### Task requirements:
The expected reply is all of the data, returned exactly.
----- The input -----
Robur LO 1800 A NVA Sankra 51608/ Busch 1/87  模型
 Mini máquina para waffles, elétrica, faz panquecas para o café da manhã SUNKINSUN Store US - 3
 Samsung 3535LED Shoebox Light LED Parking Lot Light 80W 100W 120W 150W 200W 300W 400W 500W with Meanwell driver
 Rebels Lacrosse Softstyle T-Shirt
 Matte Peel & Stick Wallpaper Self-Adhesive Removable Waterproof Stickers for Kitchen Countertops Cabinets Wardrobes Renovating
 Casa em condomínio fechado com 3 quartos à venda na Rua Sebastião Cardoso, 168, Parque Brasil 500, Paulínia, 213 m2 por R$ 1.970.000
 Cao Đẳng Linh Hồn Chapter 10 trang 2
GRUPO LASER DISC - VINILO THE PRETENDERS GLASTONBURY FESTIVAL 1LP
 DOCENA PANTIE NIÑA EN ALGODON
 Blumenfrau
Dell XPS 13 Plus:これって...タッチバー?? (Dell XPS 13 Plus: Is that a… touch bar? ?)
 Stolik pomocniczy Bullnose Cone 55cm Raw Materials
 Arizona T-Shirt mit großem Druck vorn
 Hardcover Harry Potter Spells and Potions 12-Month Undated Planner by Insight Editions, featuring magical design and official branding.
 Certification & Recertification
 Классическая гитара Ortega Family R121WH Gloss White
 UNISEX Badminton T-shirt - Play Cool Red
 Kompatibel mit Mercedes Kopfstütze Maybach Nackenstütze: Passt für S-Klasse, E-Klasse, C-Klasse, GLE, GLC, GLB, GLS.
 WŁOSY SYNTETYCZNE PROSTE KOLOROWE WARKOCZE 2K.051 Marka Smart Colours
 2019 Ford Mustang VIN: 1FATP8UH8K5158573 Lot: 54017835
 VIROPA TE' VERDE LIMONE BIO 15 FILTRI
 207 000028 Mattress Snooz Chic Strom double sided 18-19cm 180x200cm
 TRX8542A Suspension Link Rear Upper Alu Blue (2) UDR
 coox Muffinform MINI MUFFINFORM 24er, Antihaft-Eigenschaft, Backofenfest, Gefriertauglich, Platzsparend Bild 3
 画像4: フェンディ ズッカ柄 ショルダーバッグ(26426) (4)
-----
### Response for this exercise:
Robur LO 1800 A NVA Sankra 51608/ Busch 1/87  模型
 Mini máquina para waffles, elétrica, faz panquecas para o café da manhã SUNKINSUN Store US - 3
 Samsung 3535LED Shoebox Light LED Parking Lot Light 80W 100W 120W 150W 200W 300W 400W 500W with Meanwell driver
 Rebels Lacrosse Softstyle T-Shirt
 Matte Peel & Stick Wallpaper Self-Adhesive Removable Waterproof Stickers for Kitchen Countertops Cabinets Wardrobes Renovating
 Casa em condomínio fechado com 3 quartos à venda na Rua Sebastião Cardoso, 168, Parque Brasil 500, Paulínia, 213 m2 por R$ 1.970.000
 Cao Đẳng Linh Hồn Chapter 10 trang 2
GRUPO LASER DISC - VINILO THE PRETENDERS GLASTONBURY FESTIVAL 1LP
 DOCENA PANTIE NIÑA EN ALGODON
 Blumenfrau
Dell XPS 13 Plus:これって...タッチバー?? (Dell XPS 13 Plus: Is that a… touch bar? ?)
 Stolik pomocniczy Bullnose Cone 55cm Raw Materials
 Arizona T-Shirt mit großem Druck vorn
 Hardcover Harry Potter Spells and Potions 12-Month Undated Planner by Insight Editions, featuring magical design and official branding.
 Certification & Recertification
 Классическая гитара Ortega Family R121WH Gloss White
 UNISEX Badminton T-shirt - Play Cool Red
 Kompatibel mit Mercedes Kopfstütze Maybach Nackenstütze: Passt für S-Klasse, E-Klasse, C-Klasse, GLE, GLC, GLB, GLS.
 WŁOSY SYNTETYCZNE PROSTE KOLOROWE WARKOCZE 2K.051 Marka Smart Colours
 2019 Ford Mustang VIN: 1FATP8UH8K5158573 Lot: 54017835
 VIROPA TE' VERDE LIMONE BIO 15 FILTRI
 207 000028 Mattress Snooz Chic Strom double sided 18-19cm 180x200cm
 TRX8542A Suspension Link Rear Upper Alu Blue (2) UDR
 coox Muffinform MINI MUFFINFORM 24er, Antihaft-Eigenschaft, Backofenfest, Gefriertauglich, Platzsparend Bild 3
 画像4: フェンディ ズッカ柄 ショルダーバッグ(26426) (4)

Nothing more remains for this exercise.